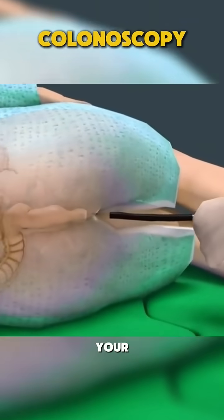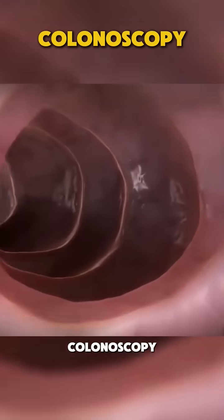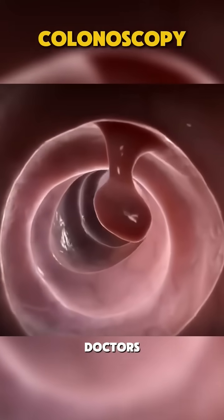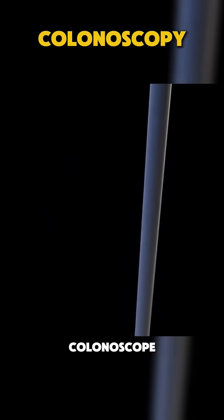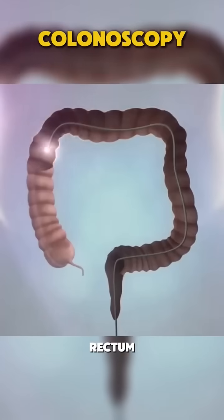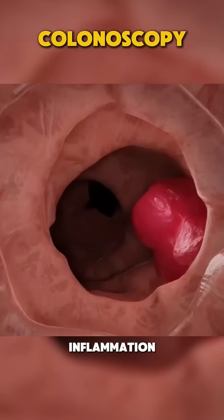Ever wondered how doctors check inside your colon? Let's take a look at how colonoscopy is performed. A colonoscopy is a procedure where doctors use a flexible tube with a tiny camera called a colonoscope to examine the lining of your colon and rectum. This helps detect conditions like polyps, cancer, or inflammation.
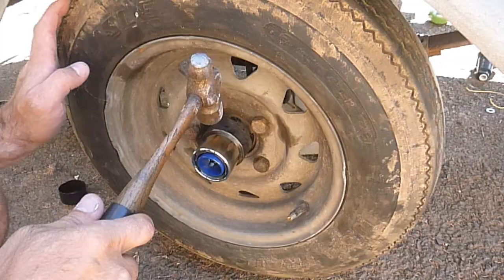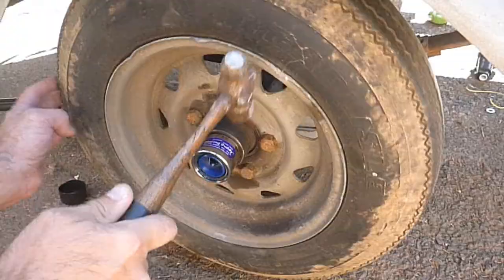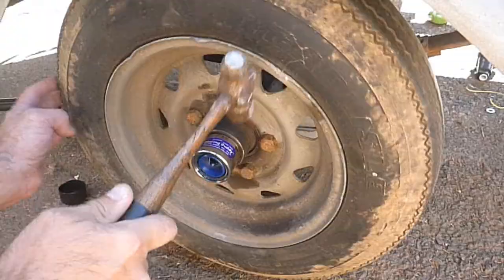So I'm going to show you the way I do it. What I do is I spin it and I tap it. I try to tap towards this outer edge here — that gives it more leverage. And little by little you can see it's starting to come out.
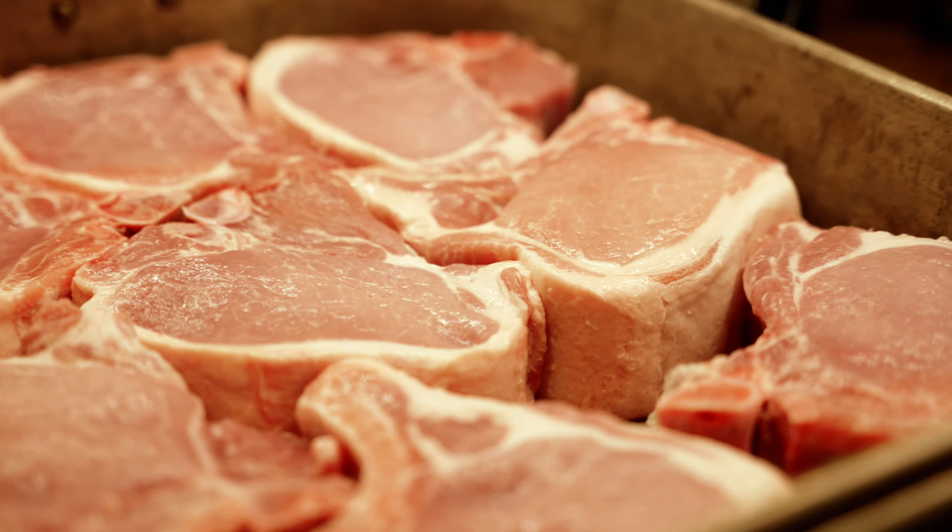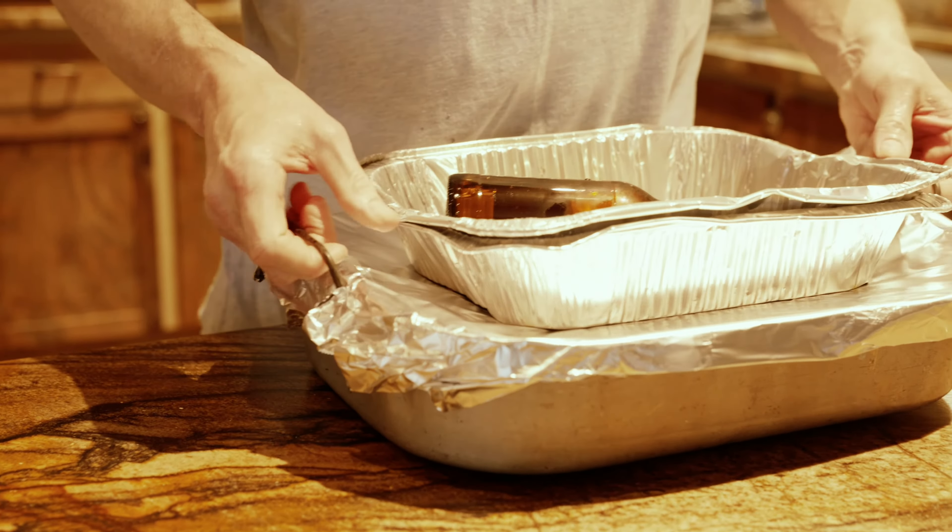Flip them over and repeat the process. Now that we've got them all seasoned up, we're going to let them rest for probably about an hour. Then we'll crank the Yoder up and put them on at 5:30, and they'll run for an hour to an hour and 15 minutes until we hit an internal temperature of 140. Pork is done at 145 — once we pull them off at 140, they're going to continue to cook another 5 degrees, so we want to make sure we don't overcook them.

## Work to be completed
What is needed is an exact copy of the lines from the line with "So I'm going" to the end of the data above, both included, without any pictures.

## Solution for this exercise
So I'm going to show you the way I do it. What I do is I spin it and I tap it. I try to tap towards this outer edge here — that gives it more leverage. And little by little you can see it's starting to come out.
Flip them over and repeat the process. Now that we've got them all seasoned up, we're going to let them rest for probably about an hour. Then we'll crank the Yoder up and put them on at 5:30, and they'll run for an hour to an hour and 15 minutes until we hit an internal temperature of 140. Pork is done at 145 — once we pull them off at 140, they're going to continue to cook another 5 degrees, so we want to make sure we don't overcook them.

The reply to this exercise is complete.